It turns out LivingSocial was actually using SHA-1 with a 40 byte salt [1].

> LivingSocial never stores passwords in plain text. LivingSocial passwords
> were hashed with SHA1 using a random 40 byte salt. What this means is that
> our system took the passwords entered by customers and used an algorithm to
> change them into a unique data string (essentially creating a unique data
> fingerprint) – that’s the “hash”. To add an additional layer of protection,
> the “salt” elongates the password and adds complexity.

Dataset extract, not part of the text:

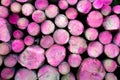 Tree logs pink Royalty Free Stock Photo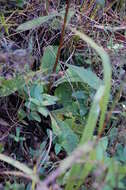 Image of stemless ironweed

We have switched our
> hashing algorithm from SHA1 to bcrypt.

A 40 byte salt? "_additional_ layer of protection"? "elongates the password"?
It's clear they thought they were implementing extra security (hey, let's use
a 40 byte salt instead of 16, mega protection!) but failed miserably because
they did not know what they were trying to combat.

[1] <https://www.livingsocial.com/createpassword>

------
jyap
"Ruby on Rails is the platform upon which LivingSocial runs." \-
<http://en.wikipedia.org/wiki/LivingSocial>

I'm just speculating but the first thing that ran through my head is 'this
must be a Rails breach'.

I'm also guessing that a very large percentage of the 50 million users signed
up like I did when Amazon had a deal (something like $20 gift card for $10).

LivingSocial have put up somewhat of a statement on their web site asking you
to change your password:

<https://login.livingsocial.com/forgot_password/?reset=true>

""" LivingSocial recently experienced a cyber-attack on our computer systems
that resulted in unauthorized access to some customer data from our servers.
We are actively working with law enforcement to investigate this issue.

The database that stores customer credit card information was not affected or
accessed.

Although your LivingSocial password would be difficult to decode, we want to
take every precaution to ensure that your account is secure, so we are
expiring your old password and requesting that you create a new one. """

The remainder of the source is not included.